Nikahın
dinisi, hocalısı, imamlısı olmasa da bu ülkede iki türlü nikah kıyılır. Biri resmi
diğeri dini olmak üzere. İşin bu çelişkisi üzerinde durmayacağım.
Üzerinde
duracağım husus, dini nikahlarda, nişan merasimlerinde, ağız tadında, söz kesmede,
düğünde gelin alınırken, gelin indirilirken ve damadı zifafa katarken eşler adına
yapılan duadır. Bu tür merasimlerde “Allâhümme ellif beynehümâ kemâ ellefte
beyne Âdeme ve Havvâe ve beyne Muhammedin sallallâhü ‘aleyhi ve selleme ve
Hadîcete’l-Kübrâ ve beyne ‘Aliyyin Kerremellahû vechehû ve Fâtımete’z-Zehrâ
radıyallâhü ‘anhâ...” duası okunur. Aldığım kısmın anlamı: “Âdem ile Havvâ’nın, Muhammed ve Hatîce-i Kübrâ’nın, Ali ve Fâtımatü’z-Zehrâ’nın
aralarına nasip ettiğin ülfet ve muhabbetten, bu kardeşlerimize de nasip eyle!”
anlamına gelir.
Duada
baştan sona yeni evli çiftlere bu şekil “aralarında sevgi ve muhabbet olsun, nefret,
firar ve fitne olmasın, hayırlı evlat ver” şeklinde dua edilir.
Duanın
içinde yeni çiftlerin evliliklerinin de huzurlu,
mutlu ve sevgi üzerine yürümesi hususunda Hz Adem ile eşinin, Hz Muhammed ile eşinin
ve Hz Ali ile eşinin evlilikleri örnek verilir.
Yapılan
duaya söylenecek söz yok.
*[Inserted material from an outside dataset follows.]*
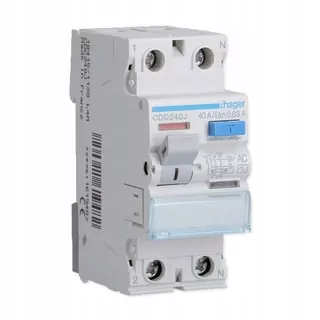 Diferenciálny istič Hager 2P 40 A 0,03 A AC CDC240J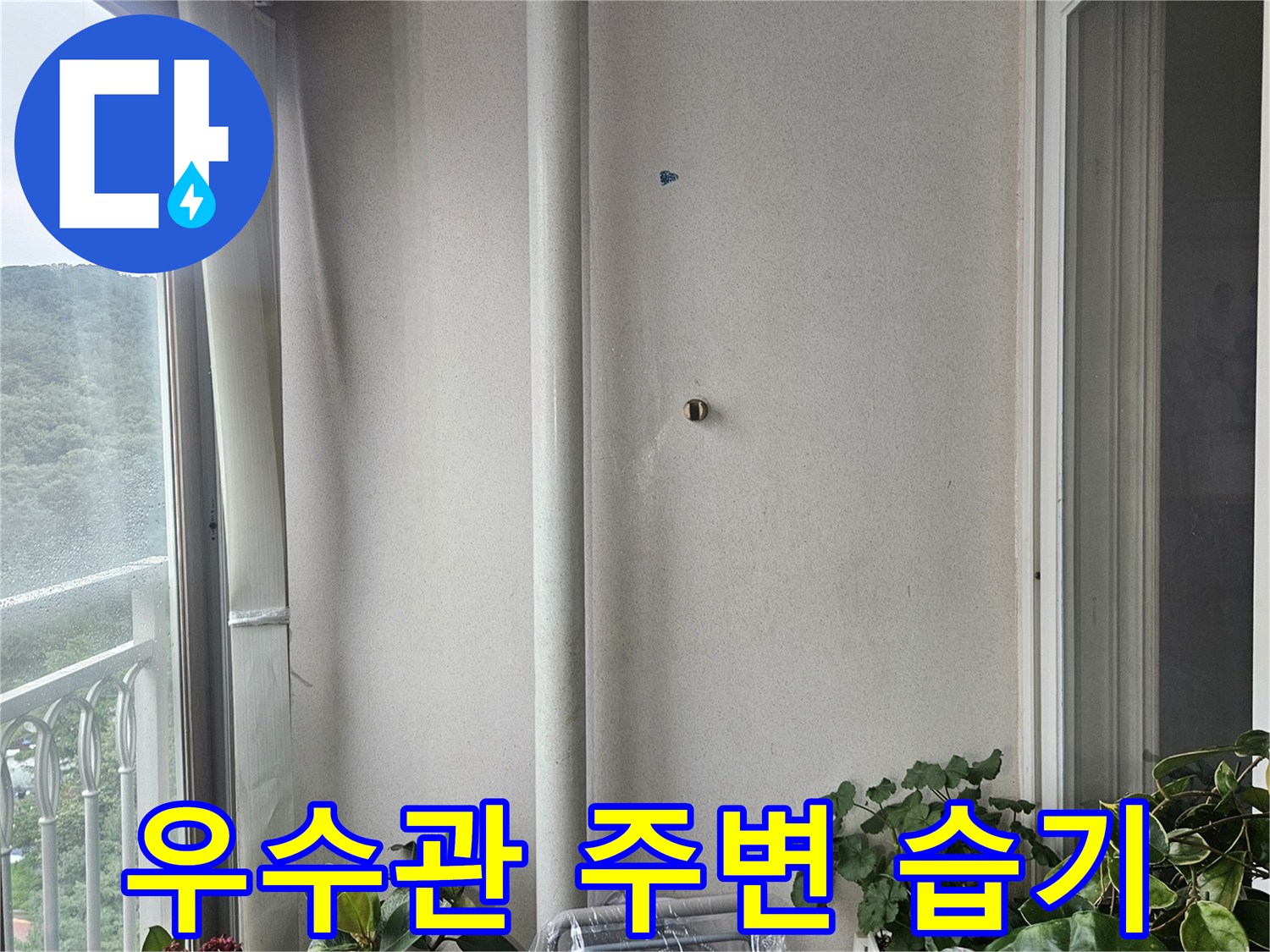 베란다-천장-우수관-주변-물샘-현상-사진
Zira güzel bir duadır.
Buradan
evlilikleri örnek verilenlere geleyim. Hz Adem ile Havva’nın evliliklerinin nasıl
olduğunu bilmiyoruz. Zira geçimsizliklerine dair bir bilgi yok. Bu durumda evliliklerinin
sükunet üzere devam ettiğini düşünebiliriz.
Hz Muhammed’in
hayatını en ince teferruatına kadar biliyoruz. Birbirlerini isteyerek evlenmişler
ve birlikteliklerinden altı çocukları olmuş. Kaynaklarda bir geçimsizlikleri söz
konusu değil. Mutlu ve örnek bir evliliklerinin olduğunu söylersek yanılmış olmayız.
Hz Ali
ile Hz Fatıma’nın evliliklerine gelince, bu birlikteliğin ilk iki örnekte olduğu
gibi mutlu bir evlilik sürdürmedikleri, Hz Fatıma’nın bu evliliği istemediği, babasının
ısrarı üzerine bu evliliği kabul ettiği, Hz Ali’nin ekonomik durumunun iyi olmadığı,
evin ihtiyaçlarını karşılamakta zorlandığı, çoğu zaman Hz Muhammed’in destek çıktığı,
Hz Fatıma’nın isteklerine Hz Ali’nin babandan iste dediği, çoğu zaman aralarında
huzursuzluk çıktığı, her defasında Peygamberimizin araya girerek aralarını düzelttiği,
Hz Ali’nin, Hz Fatıma’nın üzerine evlilik yapmak istediği, Peygamberimizin buna
karşı çıktığı vs. durumlar bazı İslam tarihçileri tarafından dillendirilmektedir.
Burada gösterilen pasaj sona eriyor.